A couple of things to note… Boot ROM is mapped into the address space at 0×1000, which explains the offset hack above. A linker script is probably the right way to do this. Using “.org 0×1000″ at the start of the source appears to pad the resulting object with 0×1000 bytes of nothing, which means it doesn’t fit into the small space I’ve allocated for bootrom.

Also note that I’ve got to deal with branch delay slots. I’m not exactly sure what I want to do yet. Due to the nature of the variable width instruction encoding, it looks like you can have either 1 or 2 delay slots to fill, depending on the instruction sizes. I don’t like this at all. I’ll probably end up limiting it to one delay slot.

This is one of those ugly areas where implementation informs design. I’d rather not have delay slots at all, but it’s hard to ignore the performance gain.

A simulation milestone for the Muskoka SoC!

September 27th, 2011

A moxie-based SoC had it’s first successful simulation run today….

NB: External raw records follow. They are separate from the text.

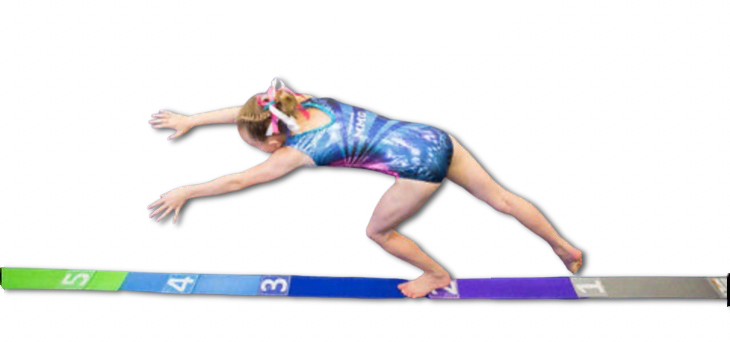 Tumble Tape & Velcro Numbers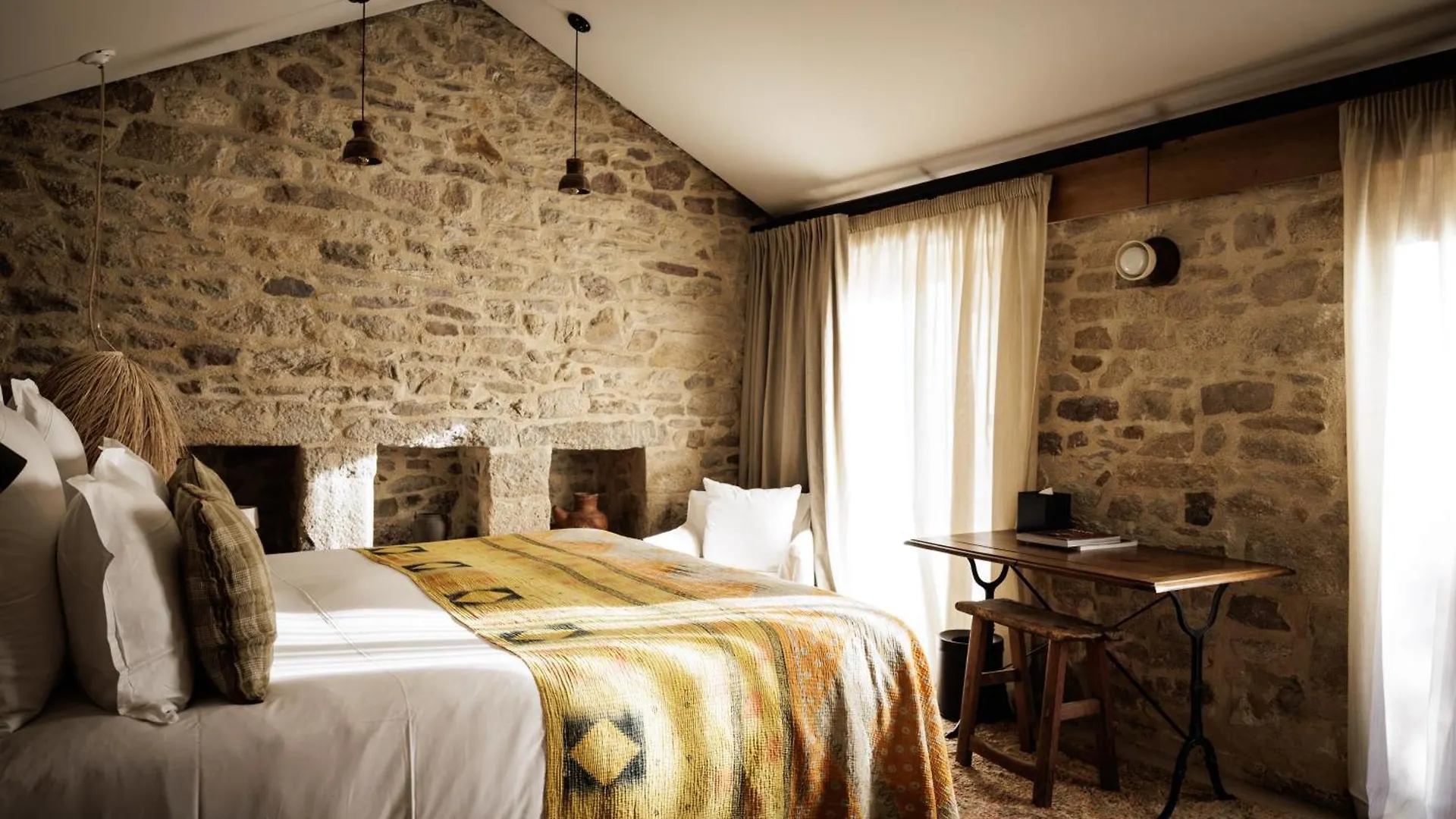 Domaine De Locguenole & Spa - Relais & Chateaux ケルヴィニャック ホテル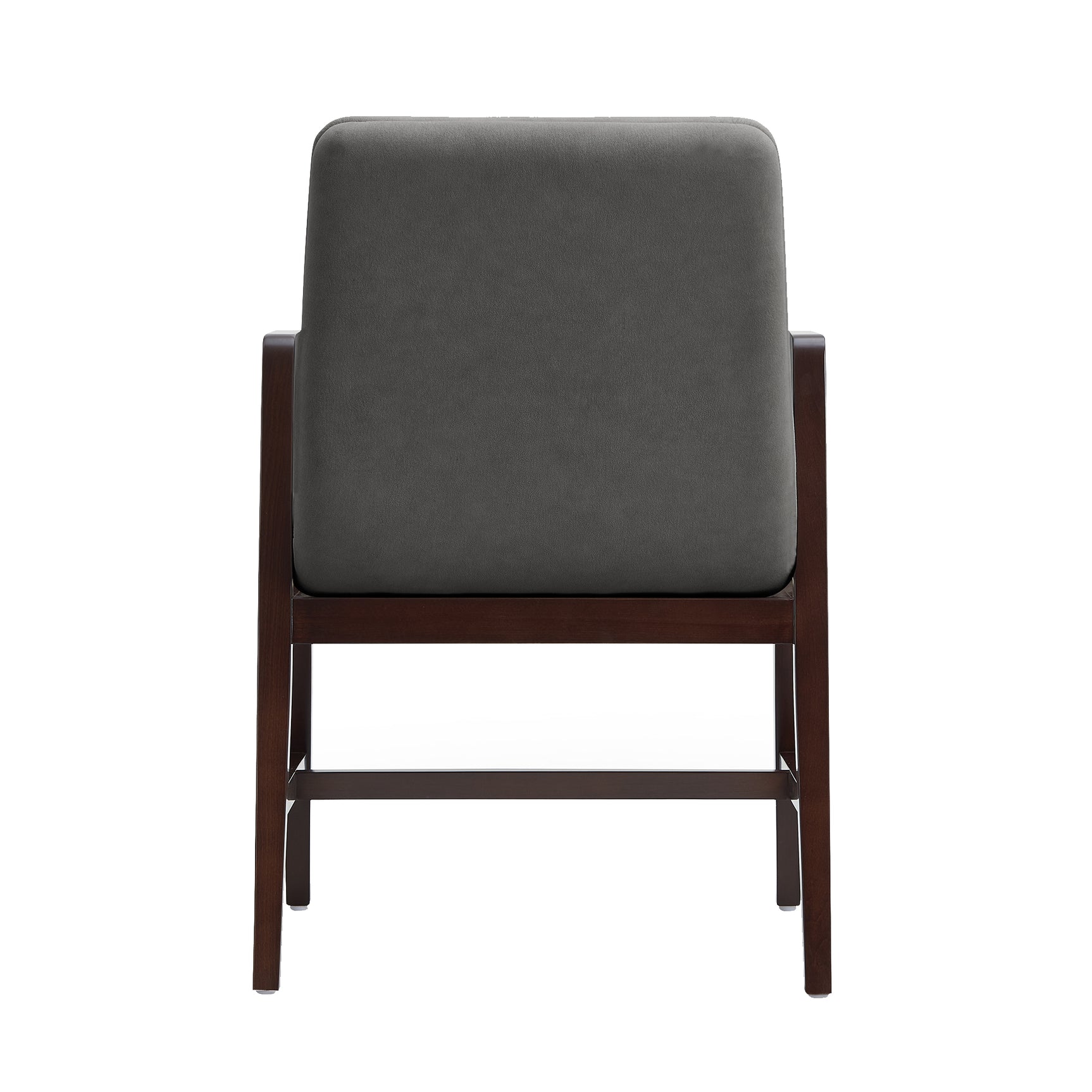 Stella Dining Armchair in Graphite - Ornate Home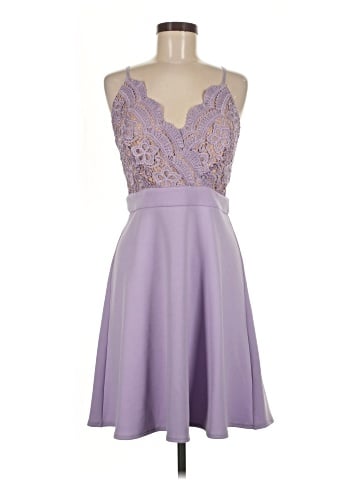 Francesca's Cocktail Dress (view 1)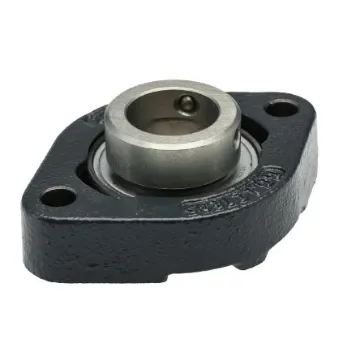 2 Hole Flange Bearing Unit, FLCTE25-XL, 25mm ID product image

gtkwave display of first code run

gtkwave display of first code run

Pretty exciting! So, here’s what’s happening…

The SoC, code named “Muskoka”, has three main components: the moxie core, a wishbone switch and a ROM device. The switch was easy to implement, as I just have a single bus master (moxie), and a single slave device (bootrom) for now. The boot ROM is populated with bits generated by assembling the code below like so:

moxie-elf-as -o bootrom.x bootrom.s
moxie-elf-objcopy -O verilog bootrom.x bootrom.vh

.text
	xor	$r0, $r0  # Zero out $r0
	xor	$r1, $r1
	xor	$r2, $r2
	xor	$r3, $r3
	xor	$r4, $r4
	inc	$r0, 0x1  # Increment $r0 by 1
	inc	$r1, 0x1
	inc	$r2, 0x1
	inc	$r3, 0x1
	inc	$r4, 0x1
	inc	$r0, 0x1
	inc	$r1, 0x1
	inc	$r2, 0x1
	inc	$r3, 0x1
	inc	$r4, 0x1
	inc	$r0, 0x1
	inc	$r1, 0x1
	inc	$r2, 0x1
	inc	$r3, 0x1
	inc	$r4, 0x1

The moxie core itself is has 4 pipeline stages: Fetch, Decode, Execute and Write. The Fetch stage is probably the most complicated at this point. Remember that moxie has both 16- and 48-bit instructions. However, we’re fetching instruction memory from the ROM device 32-bits at a time. The fetch logic feeds these 32-bits into an instruction queue and pulls out the right number of bits at the other end, depending on the instruction about to be decoded.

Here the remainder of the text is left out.